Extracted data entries
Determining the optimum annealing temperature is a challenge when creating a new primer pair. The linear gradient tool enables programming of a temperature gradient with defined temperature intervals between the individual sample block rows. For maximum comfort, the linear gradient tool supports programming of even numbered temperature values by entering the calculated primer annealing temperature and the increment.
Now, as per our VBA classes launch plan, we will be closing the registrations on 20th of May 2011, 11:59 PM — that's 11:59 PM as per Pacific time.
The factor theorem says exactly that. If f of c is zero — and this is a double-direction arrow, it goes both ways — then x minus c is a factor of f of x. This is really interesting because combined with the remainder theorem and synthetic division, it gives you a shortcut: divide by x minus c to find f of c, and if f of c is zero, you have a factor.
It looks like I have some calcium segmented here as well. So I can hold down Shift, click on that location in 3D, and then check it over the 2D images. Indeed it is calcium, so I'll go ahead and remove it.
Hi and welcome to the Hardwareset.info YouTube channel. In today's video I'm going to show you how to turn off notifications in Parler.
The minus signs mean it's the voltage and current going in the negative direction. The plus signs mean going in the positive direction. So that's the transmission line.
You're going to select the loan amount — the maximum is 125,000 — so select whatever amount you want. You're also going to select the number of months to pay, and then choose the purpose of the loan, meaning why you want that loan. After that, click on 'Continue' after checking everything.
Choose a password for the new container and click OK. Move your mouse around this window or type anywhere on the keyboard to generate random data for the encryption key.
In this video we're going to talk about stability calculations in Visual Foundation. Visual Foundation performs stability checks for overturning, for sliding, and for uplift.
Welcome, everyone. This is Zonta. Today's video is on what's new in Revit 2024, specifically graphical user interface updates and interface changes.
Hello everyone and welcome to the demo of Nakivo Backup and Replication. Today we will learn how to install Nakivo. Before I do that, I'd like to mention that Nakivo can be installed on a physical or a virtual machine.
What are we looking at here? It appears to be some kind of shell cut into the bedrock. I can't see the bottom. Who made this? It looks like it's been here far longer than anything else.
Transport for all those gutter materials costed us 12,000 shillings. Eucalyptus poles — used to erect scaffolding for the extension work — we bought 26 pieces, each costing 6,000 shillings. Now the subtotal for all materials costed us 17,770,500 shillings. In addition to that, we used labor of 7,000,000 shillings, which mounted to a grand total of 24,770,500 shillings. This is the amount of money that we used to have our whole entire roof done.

*REQUIREMENT*: Give back each line above precisely as it stands.

*REPLY TO THE EXERCISE*:
Determining the optimum annealing temperature is a challenge when creating a new primer pair. The linear gradient tool enables programming of a temperature gradient with defined temperature intervals between the individual sample block rows. For maximum comfort, the linear gradient tool supports programming of even numbered temperature values by entering the calculated primer annealing temperature and the increment.
Now, as per our VBA classes launch plan, we will be closing the registrations on 20th of May 2011, 11:59 PM — that's 11:59 PM as per Pacific time.
The factor theorem says exactly that. If f of c is zero — and this is a double-direction arrow, it goes both ways — then x minus c is a factor of f of x. This is really interesting because combined with the remainder theorem and synthetic division, it gives you a shortcut: divide by x minus c to find f of c, and if f of c is zero, you have a factor.
It looks like I have some calcium segmented here as well. So I can hold down Shift, click on that location in 3D, and then check it over the 2D images. Indeed it is calcium, so I'll go ahead and remove it.
Hi and welcome to the Hardwareset.info YouTube channel. In today's video I'm going to show you how to turn off notifications in Parler.
The minus signs mean it's the voltage and current going in the negative direction. The plus signs mean going in the positive direction. So that's the transmission line.
You're going to select the loan amount — the maximum is 125,000 — so select whatever amount you want. You're also going to select the number of months to pay, and then choose the purpose of the loan, meaning why you want that loan. After that, click on 'Continue' after checking everything.
Choose a password for the new container and click OK. Move your mouse around this window or type anywhere on the keyboard to generate random data for the encryption key.
In this video we're going to talk about stability calculations in Visual Foundation. Visual Foundation performs stability checks for overturning, for sliding, and for uplift.
Welcome, everyone. This is Zonta. Today's video is on what's new in Revit 2024, specifically graphical user interface updates and interface changes.
Hello everyone and welcome to the demo of Nakivo Backup and Replication. Today we will learn how to install Nakivo. Before I do that, I'd like to mention that Nakivo can be installed on a physical or a virtual machine.
What are we looking at here? It appears to be some kind of shell cut into the bedrock. I can't see the bottom. Who made this? It looks like it's been here far longer than anything else.
Transport for all those gutter materials costed us 12,000 shillings. Eucalyptus poles — used to erect scaffolding for the extension work — we bought 26 pieces, each costing 6,000 shillings. Now the subtotal for all materials costed us 17,770,500 shillings. In addition to that, we used labor of 7,000,000 shillings, which mounted to a grand total of 24,770,500 shillings. This is the amount of money that we used to have our whole entire roof done.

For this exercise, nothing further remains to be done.